Look, can we talk for a minute about the Broadcast Film Critics Awards, aka the Critics Choice Movie Awards, aka the Pre-Oscars Oscar Show? I finally got around to watching this show, albeit on fast forward and only stopping for the speeches, and found little to be inspired by. My impression of the group as little more than Oscar-baiting wannabes could hardly be challenged by their straight-faced rewarding of The Help, a film that the critical community hardly heaped effusive and universal acclaim upon, with three statues (granted, all for well-commended acting, but still...) or the nominations to films like Extremely Loud and Incredibly Close and Where Do We Go Now? Still, one category that you'd find trouble faulting was the rewarding of Martin Scorsese with the "music and film" award. Seemingly apropos of nothing, although in the same year that he won a prize for George Harrison: Living in the Material World, if you're going to award anybody for the way the integrate music with motion pictures then you could hardly find a worthier choice (at least amongst the narrow field of people this organisation would be willing to bequeath airtime to).

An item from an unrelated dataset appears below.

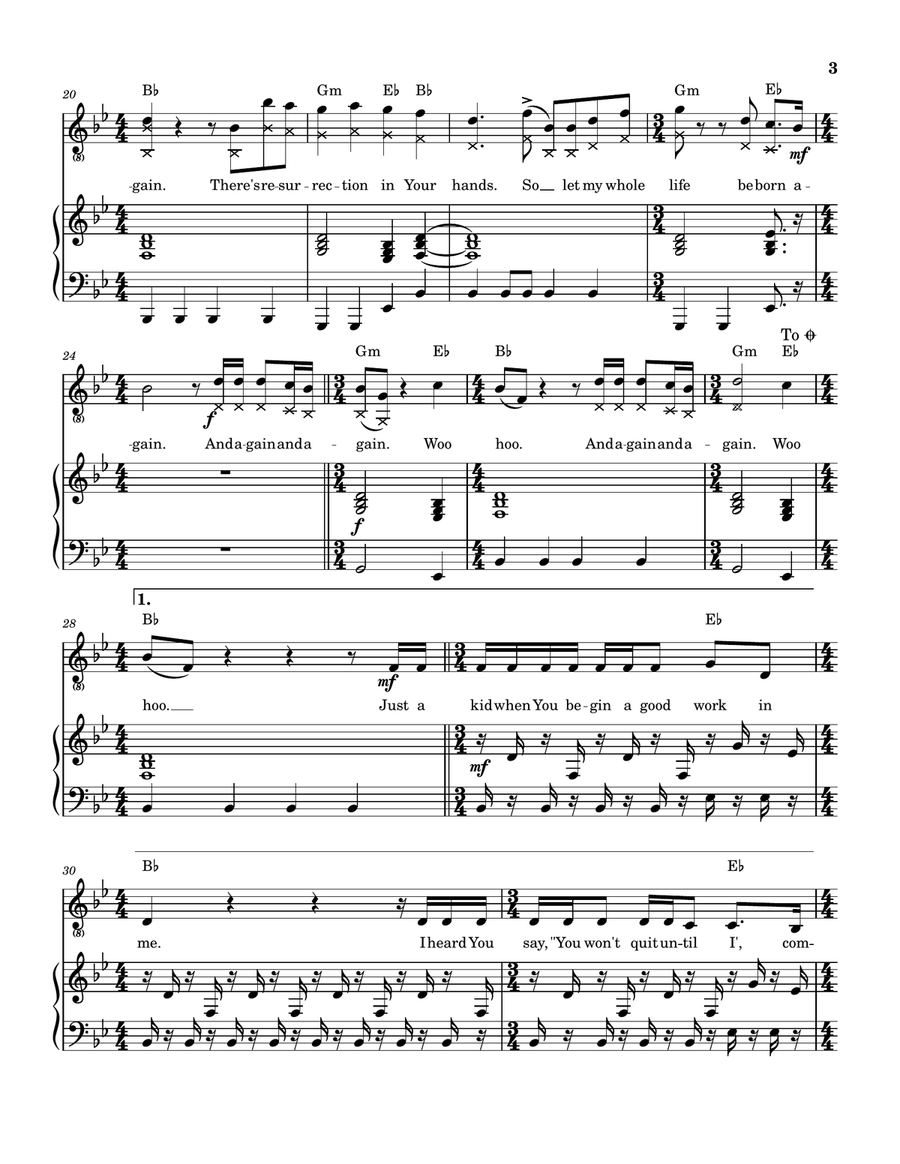 Again And Again Piano, Vocal scores gallery preview page 4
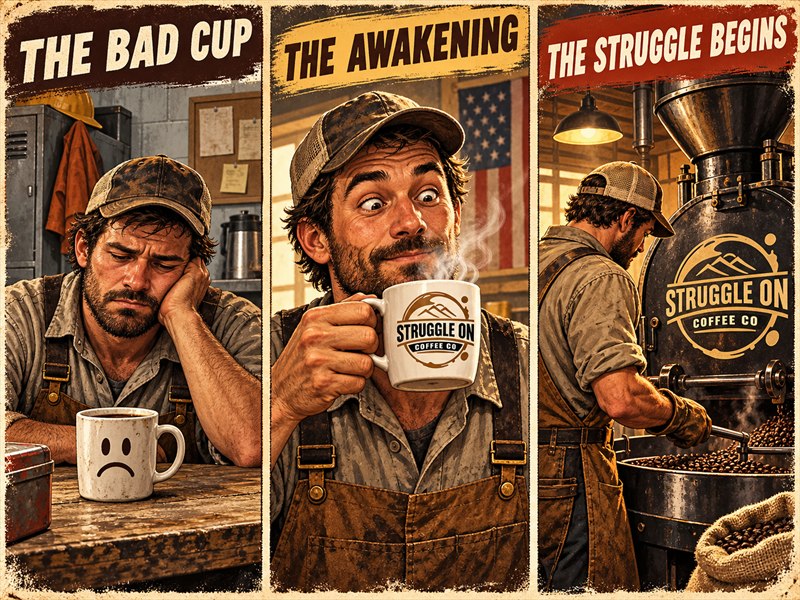 Three comic panels show a worker trying bad coffee, discovering a better cup, and roasting coffee.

However, as I watched the pre-speech clip reel I couldn't help but be sorely disappointed that one of Scorsese's - and, it must be said, cinema in general - finest moments was omitted. The maligned 1977 musical New York, New York was given oh but the briefest of shots amongst the clips of The Aviator, Hugo, Gangs of New York and every other Scorsese film imaginable whether they had important, integral, culturally significant music selections or not. I admit to being far more favourable to the infamous New York, New York than most others, but then I routinely find myself on a different wavelength with Scorsese's pictures to most. Hell, I think his latest, the Parisian childhood adventure Hugo is Marty's best work since The Age of Innocence (give or take The Aviator) so I know most of y'all probably won't take my opinions on the man all too seriously. Still, even if you hate (or, as in the case with most people, haven't even seen) New York, New York how can one choose not to include it amongst a montage of the director's finest musical moments? Unless Bob Dylan decided to strum a few bars in his performance, which I obviously pressed the fast forward button on, then it was left out in the tribute, which had little context.

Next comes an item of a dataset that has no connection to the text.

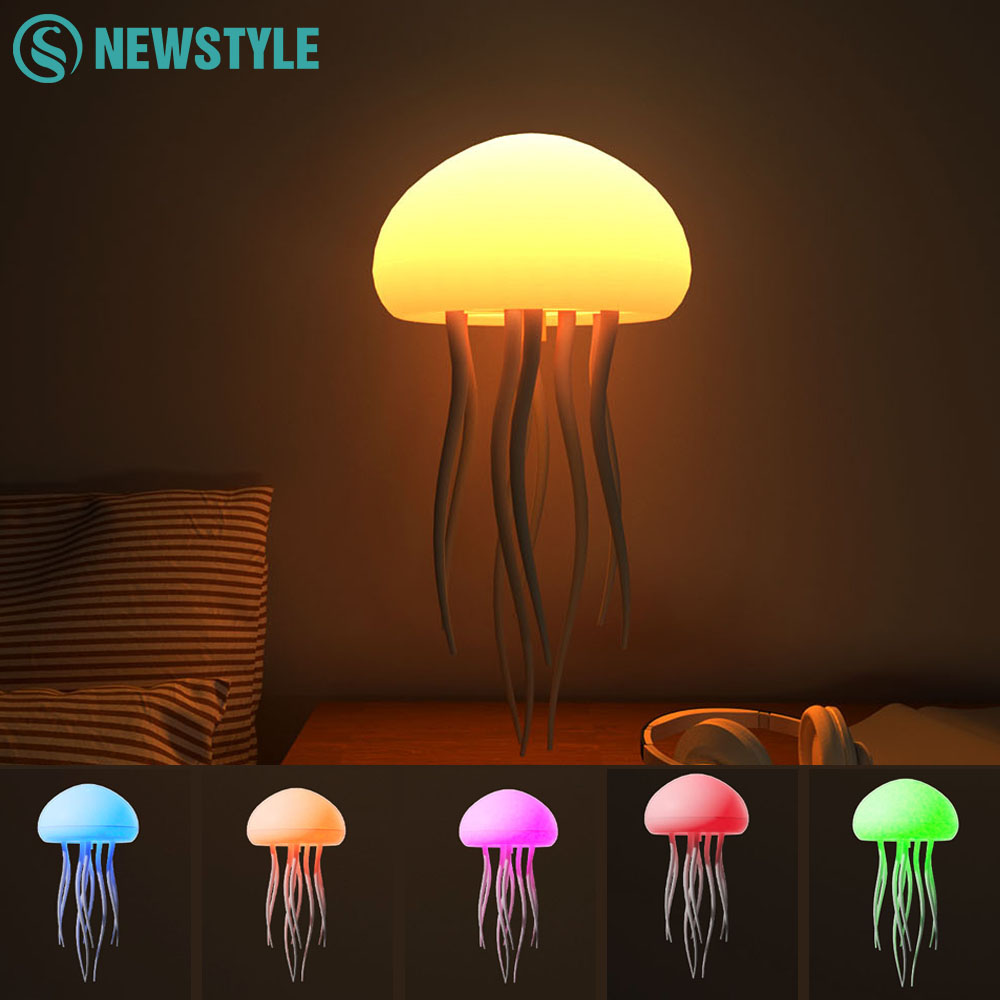 Neue Nachtlichter in Quallenform mit Sprachsteuerung, flexible Tentakel, Farben ändern, Cartoon-Nachttischlampe für Schlafzimmerdekoration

New York, New York starred Robert DeNiro and Judy Garland Liza Minnelli impersonating Judy Garland in a tale of lovers whose opposing musical directions take them into tragic territory. It's messy, sure, but agile and spirited with Minnelli giving a sort of brilliant performance. The artifice that Scorsese lacquers on is not too dissimilar to Steven Spielberg's recent War Horse, except here it's a director truly experimenting and daring himself to do something he's never done before. The big climax is a breathtaking rendition of (the original, might I add, but sadly ignored by the Academy's original song category) "Theme from New York, New York" by Minnelli. Written by the famous duo of John Kander and Fred Ebb, the song would go on to become one of the most famous songs in the world as versions by Minnelli and Frank Sinatra both became standards.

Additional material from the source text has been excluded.